Spargel günstig kaufen und verarbeiten – das klingt für viele wie ein Widerspruch. Bis zu 24 € das Kilo für Klasse-I-Spargel aus deutschem Anbau: Da bleibt das königliche Gemüse für Menschen mit kleinem Budget oft ein Traum. Aber es gibt Wege, wie eins trotzdem in den Genuss kommt. Und wenn der Spargel erst einmal da ist, zeige ich euch, wie eins ihn richtig vorbereitet, lagert und auf Vorrat haltbar macht.

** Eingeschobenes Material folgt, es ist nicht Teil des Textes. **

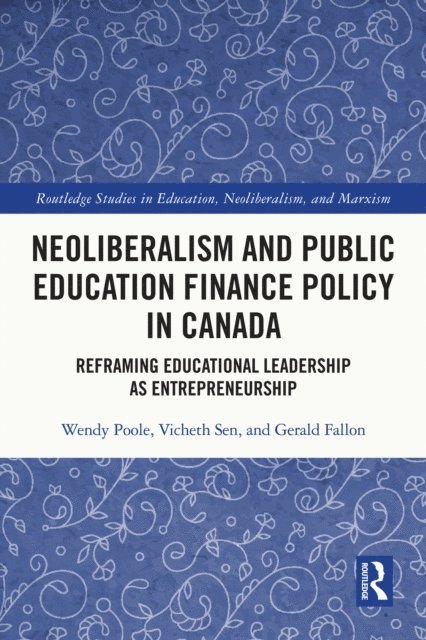 Gerald Fallon, Vicheth Sen, Wendy Poole - Neoliberalism and Public Education Finance Policy in Canada, E-bok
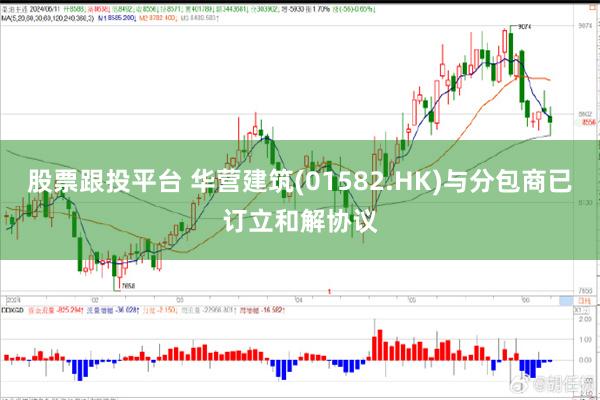 股票跟投平台 华营建筑(01582.HK)与分包商已订立和解协议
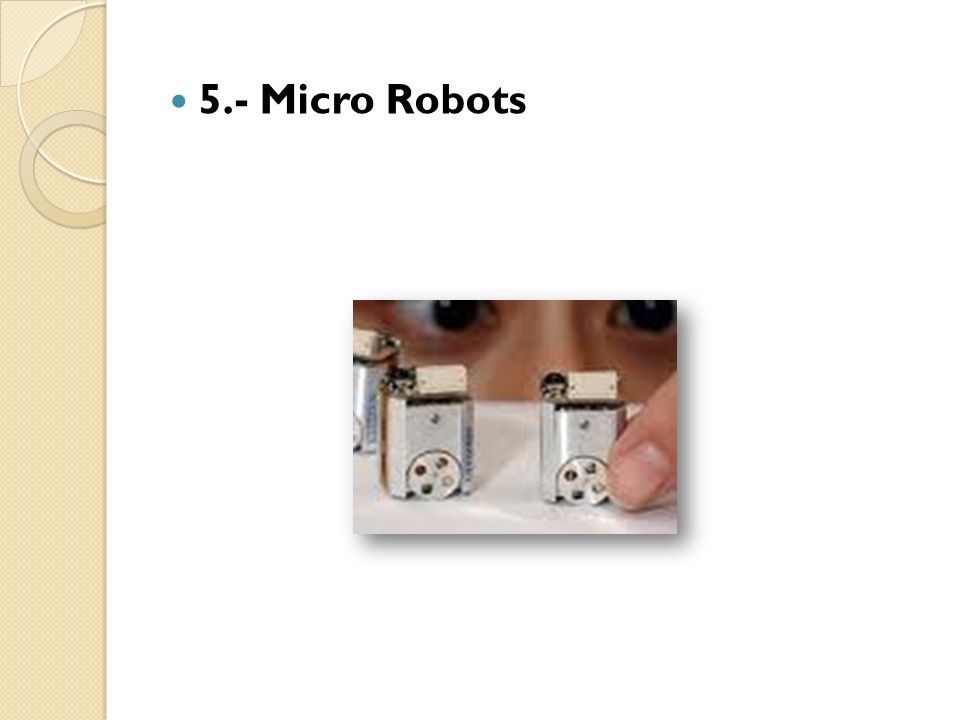 5.- Micro Robots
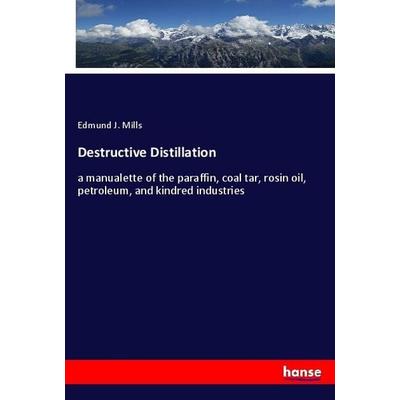 Destructive Distillation, Taschenbuch von Edmund J. Mills, Hansebooks, 978-3-337-92524-6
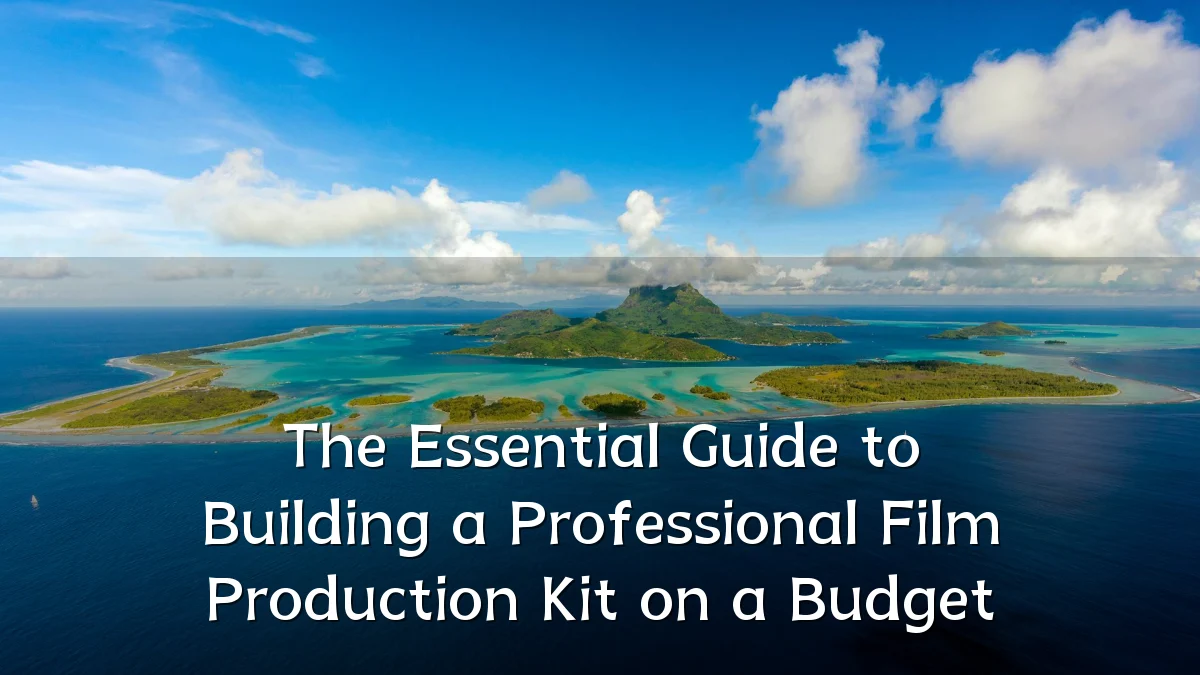 The Essential Guide to Building a Professional Film Production Kit on a Budget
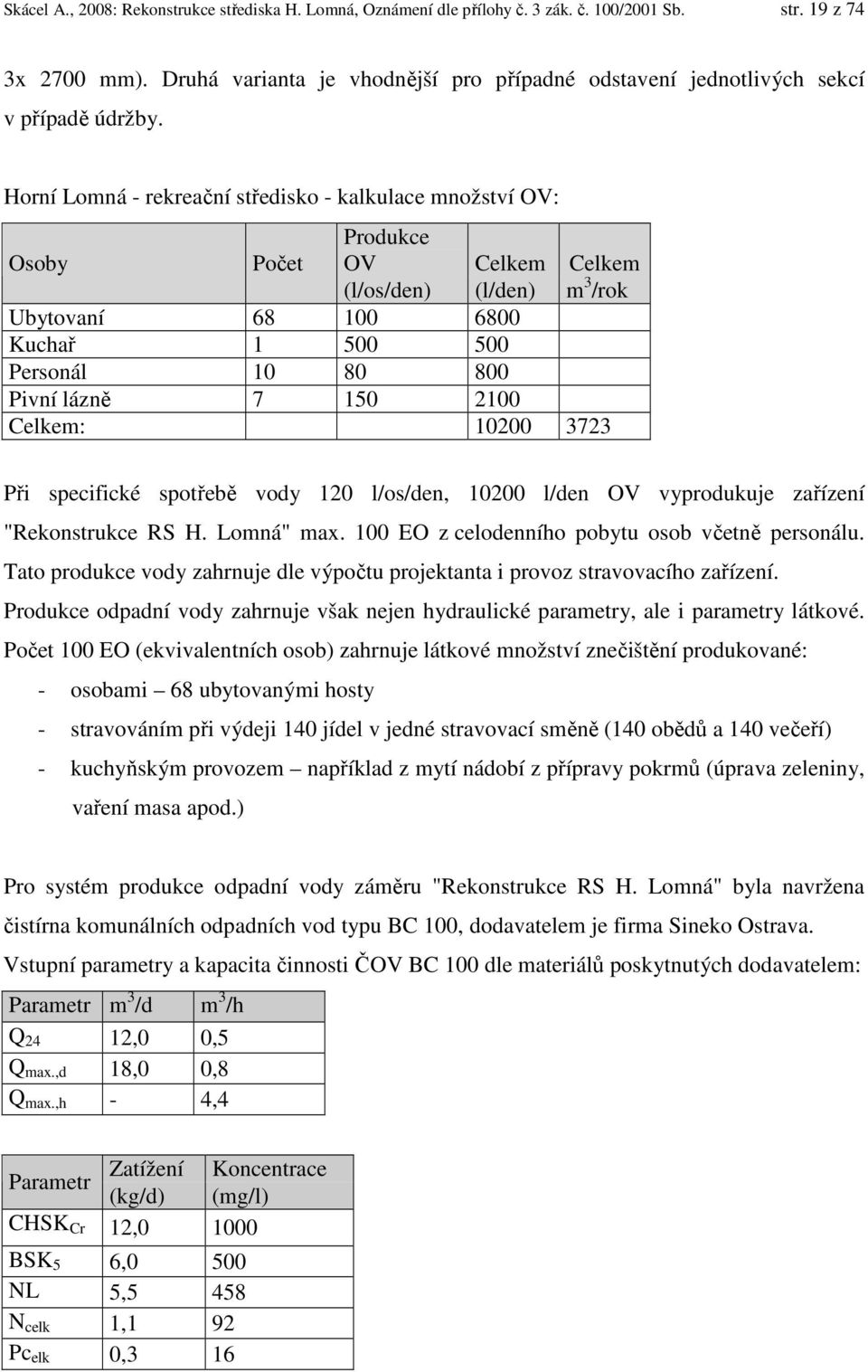 Horní Lomná - rekreační středisko - kalkulace množství OV: Osoby Počet Produkce OV Celkem Celkem (l/os/den) (l/den) m 3 /rok Ubytovaní 68 100 6800 Kuchař 1 500 500 Personál 10 80 800 Pivní lázně 7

Kurz zur Geschichte – warum Spargel so teuer ist

Spargel hat eine lange Geschichte. Die alten Griechen kannten ihn, die Römer kultivierten ihn – Marcus Portius Cato beschrieb bereits um 200 v. Chr. ausführlich den Anbau. Bei wohlhabenden Römern galt er als edle Vorspeise, später als königliches Gemüse, das sich nur der Adel leisten konnte. Erst im 17. Jahrhundert kam er in den freien Handel und wurde für breitere Bevölkerungsschichten erschwinglich.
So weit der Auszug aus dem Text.